── Extracted entries ──

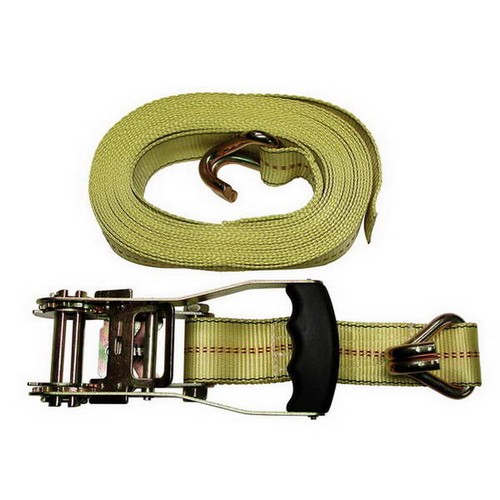 Sangle professionnelle a - sangle,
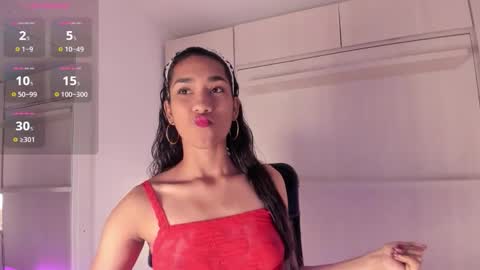 Snapshot of anaacollins_ chatting on 11-17-25, 11:38 anaacollins_ online show from 11-17-25, 11:38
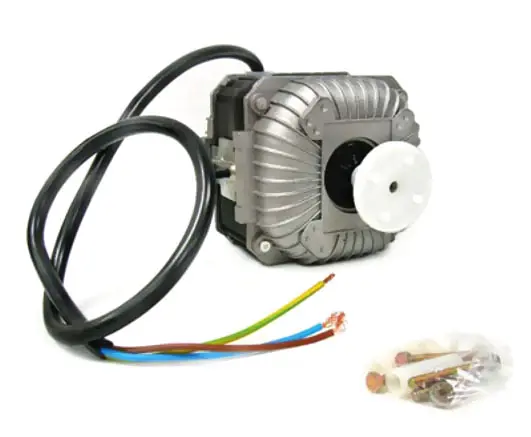 6129002530-MOTEUR SMEN 30KFB4004 *5302530*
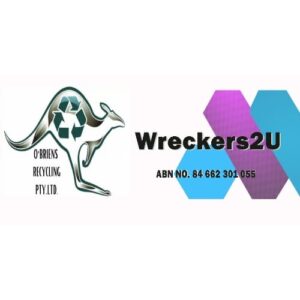 Wreckers2u — Automotive Recycling in Taminda, NSW in Taminda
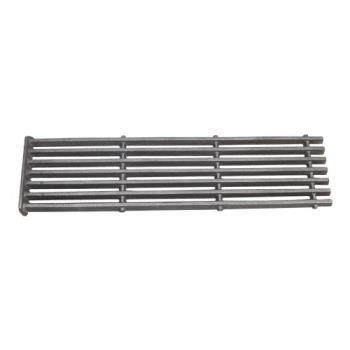 SOU01178976 - Southbend - 1178976 - Charbroiler Grate Product Image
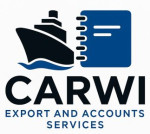 CARWI Export And Accounts Services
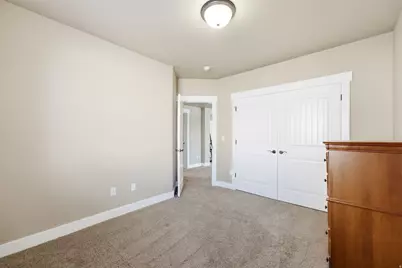 6574 W Candice View Cv S, Herriman, UT 84096 - Photo 35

───

- _Assigned task_
Pictures aside, reproduce exactly the lines from the one containing "SOU01178976 - Southbend" to the end of the listing above, both ends included.

- _Task output_
 SOU01178976 - Southbend - 1178976 - Charbroiler Grate Product Image
 CARWI Export And Accounts Services
 6574 W Candice View Cv S, Herriman, UT 84096 - Photo 35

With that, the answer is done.